Overall, these findings corroborate the added benefit of the OPKO4K and ExoDx biomarker tests in the decision to biopsy. When used in conjunction with traditional factors such as age, baseline PSA, and DRE, the addition of ExoDx Prostate Test and an OPKO4k score significantly improved the ability to predict patients at high-risk for PC and (more importantly), to exclude patients with high probability of clinically undetectable or indolent disease. Even further, utilizing both the OPKO4K and ExoDx tests prior to MRI provides outstanding discrimination between men with a low versus high probability of positive prostate biopsy. Thus, providing the potential to decrease the number of unnecessary prostate biopsies with its associated adverse effects, particularly for patients with a low risk of PC.

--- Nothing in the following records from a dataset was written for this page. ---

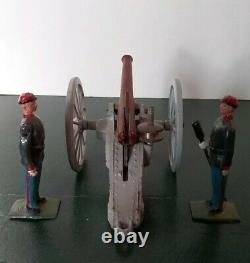 Britains Civil War Confederate Artillery Cannon, Gunners Soldiers Org Box # 2058
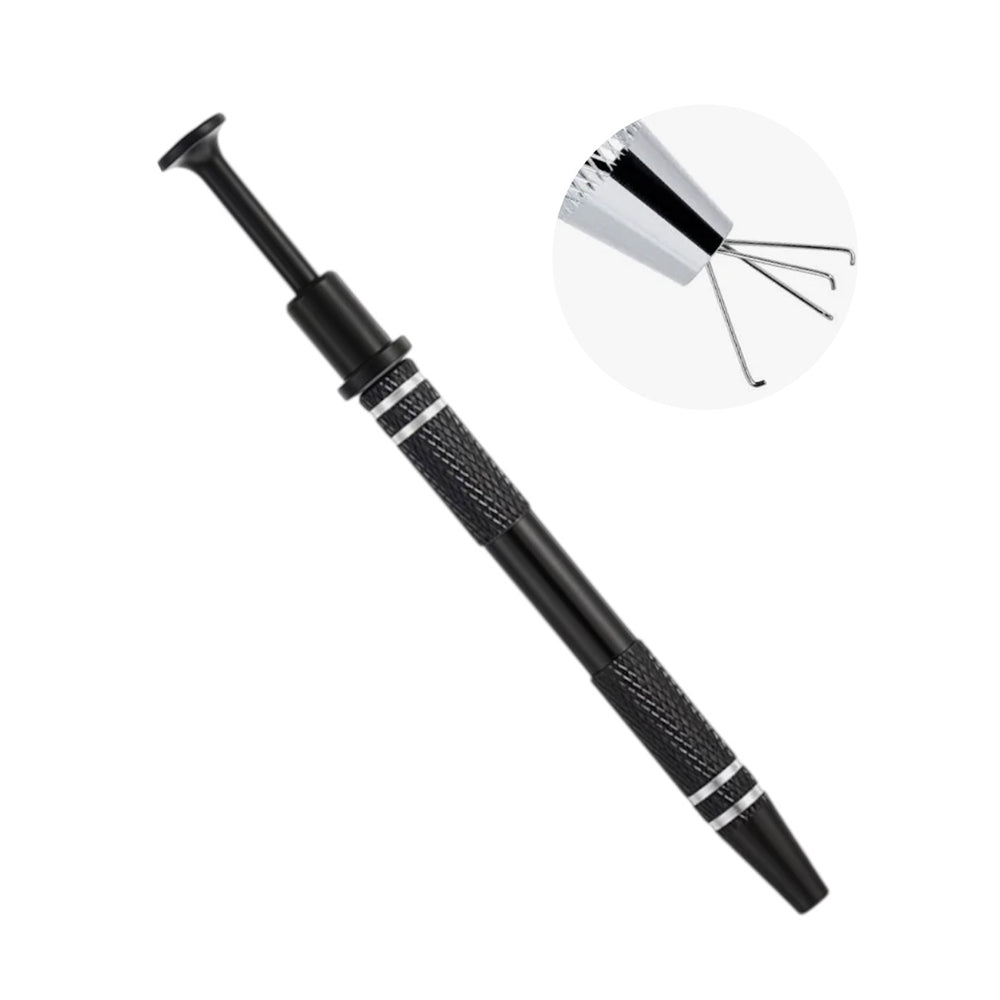 Surgical Steel Piercing Ball Grabber Tool with 4 Claw Holder - photo 4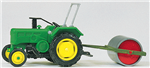 Preiser 17929 HO European Farm Machinery Tractor Farm Tractor w/Roller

Considering these results within limitations of the study context, this analysis represents a single institution retrospective analysis and may be limited by sample size and influenced by referral patterns. In addition, pathologic results require the integration of many elements associated with a biopsy such as the number of biopsy cores, immunohistochemical stain performance, and pathologist expertise. However pathological evaluation was done with a GU cancer pathologist in an academic center and these factors were considered part of our clinical practice; particularly when discussing management after positive biopsy. Another consideration ought to be toward the cost impact of multiple noninvasive tests, given our southern California patient demographic, these tests have not demonstrated to be cost prohibitive to patients. In addition, a 2018 United States cost-effectiveness analysis demonstrated both 4K and ExoDx tests to be cost-effective strategies independently, however, the model did not account for more than one biomarker test [22]. Furthermore, we had more patients with an OPKO4K Score and a MP-MRI than ExoDx Prostate test, this was a consequence of patient choice. While this may have resulted in a smaller number of ExoDx tests ordered, this decision-making process represents true clinical practice. Regardless, the varied number of patients receiving biomarker testing, MRI, and even prostate biopsies suggests a need for a multi-institutional prospective trial prior to broad application of these findings. Further investigation into the role of novel, commercially available biomarkers is warranted with a particular focus on the variation of longitudinal results for both high and low-risk patient populations in addition to the value of biomarker combination and their utilization with MP-MRI. Although the present study seeks to address prostate cancer diagnosis, future efforts will apply these biomarkers to detect clinically significant prostate cancer (i.e., GG2 and above). Even further, combination with post-diagnostic risk scores such as the Decipher test or GenomeDx risk scores could enhance PC management toward decreasing post-treatment recurrence rates, probability of distant metastases, and ultimately aim to reduce prostate cancer specific mortality.

Conclusion

This study demonstrates the value of the OPKO4K score and the ExoDX IntelliScore—both performing well independently with high negative predictive values in the decision making paradigm to proceed with prostate biopsy. The addition of the ExoDx Prostate test, an OPKO4K score, and MP-MRI to standard screening which includes age, baseline PSA, and DRE displayed excellent predictive diagnostic performance. However, given the overlap in the confidence intervals of our various models, these results remain hypothesis generating and warrant a larger analysis. Overall, these findings represent an opportunity to further integrate the use of these novel biomarkers and their combination with MRI into clinical practice and future clinical trials with hopes to limit the frequency of unnecessary prostate biopsies while clinically discerning high risk localized disease.